PROBLEM DESCRIPTION —
Please write out all the data that follows exactly, without the pictures.

SUPPLIED DATA —
───
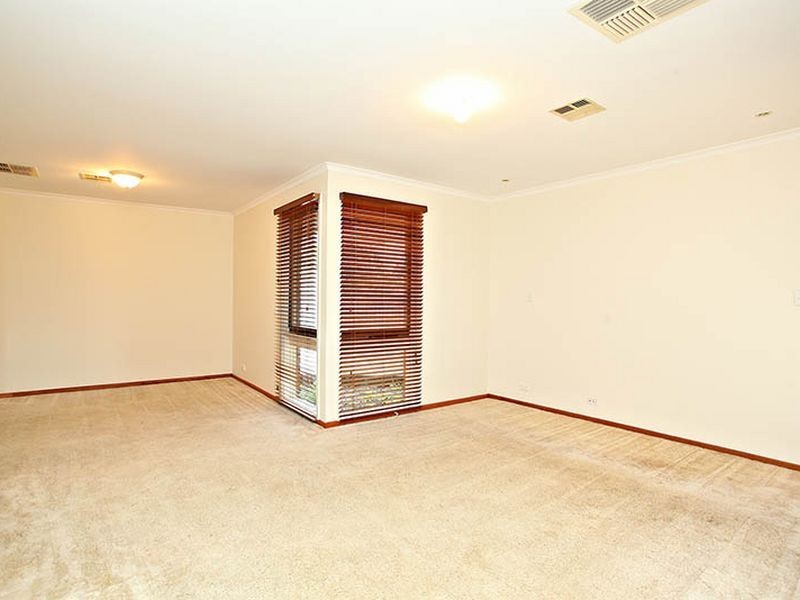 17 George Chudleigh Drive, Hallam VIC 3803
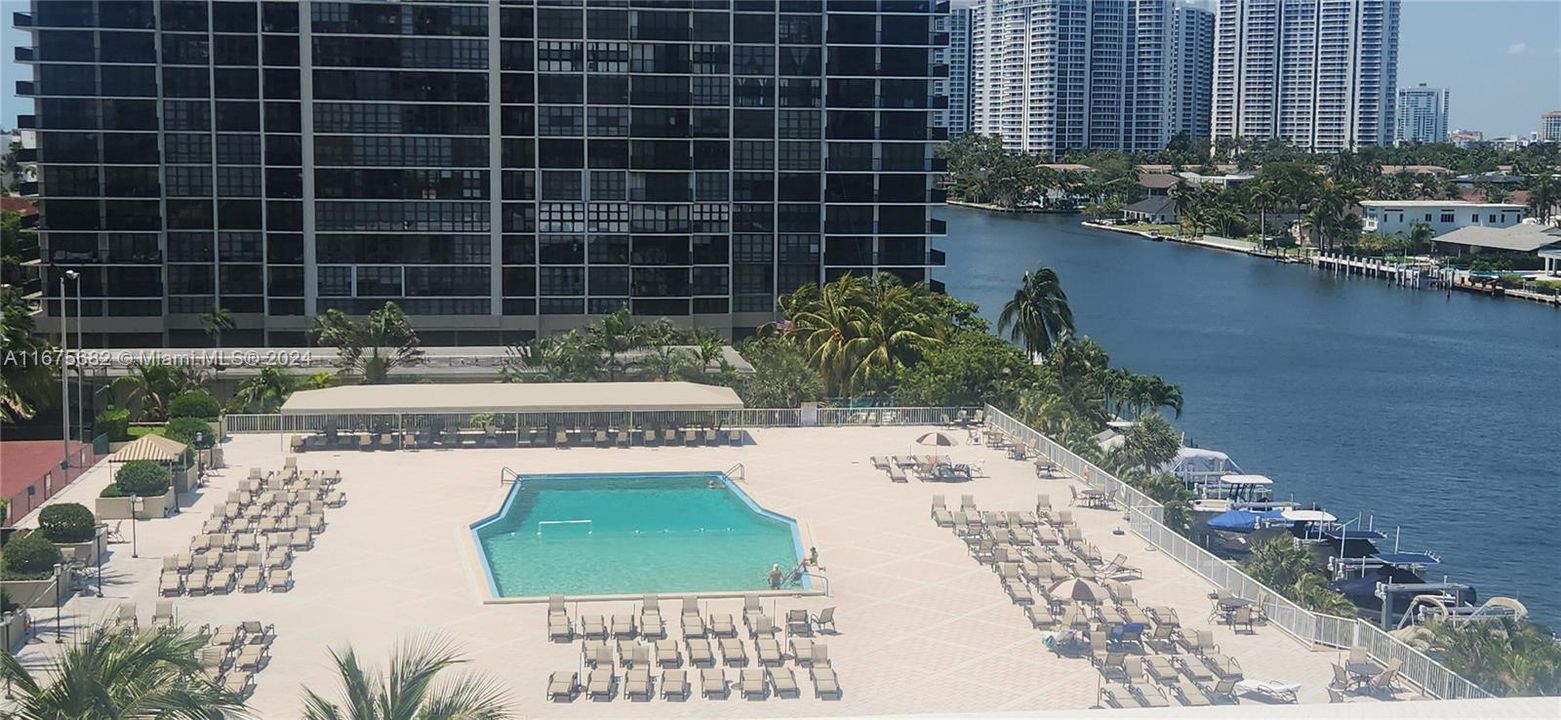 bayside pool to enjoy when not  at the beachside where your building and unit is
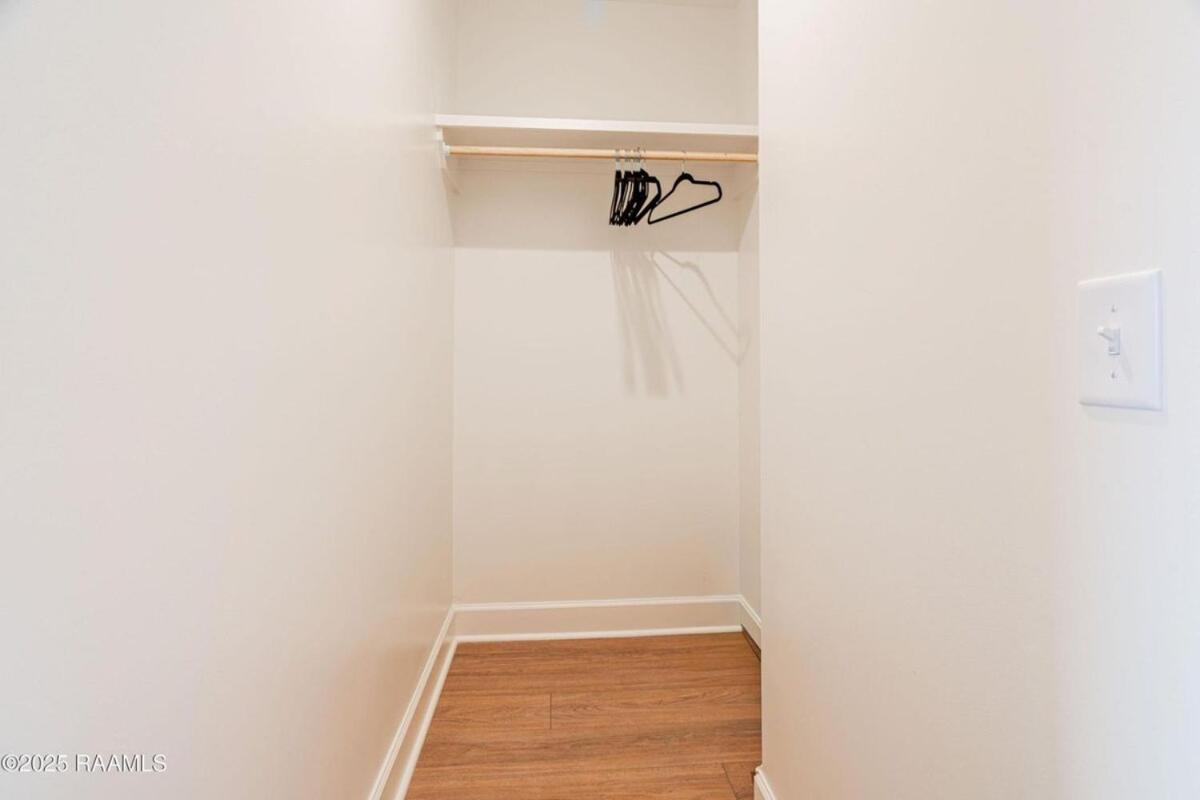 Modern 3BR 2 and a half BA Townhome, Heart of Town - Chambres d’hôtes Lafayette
───
SOLUTION FOR THIS PROBLEM —
 17 George Chudleigh Drive, Hallam VIC 3803
 bayside pool to enjoy when not  at the beachside where your building and unit is
 Modern 3BR 2 and a half BA Townhome, Heart of Town - Chambres d’hôtes Lafayette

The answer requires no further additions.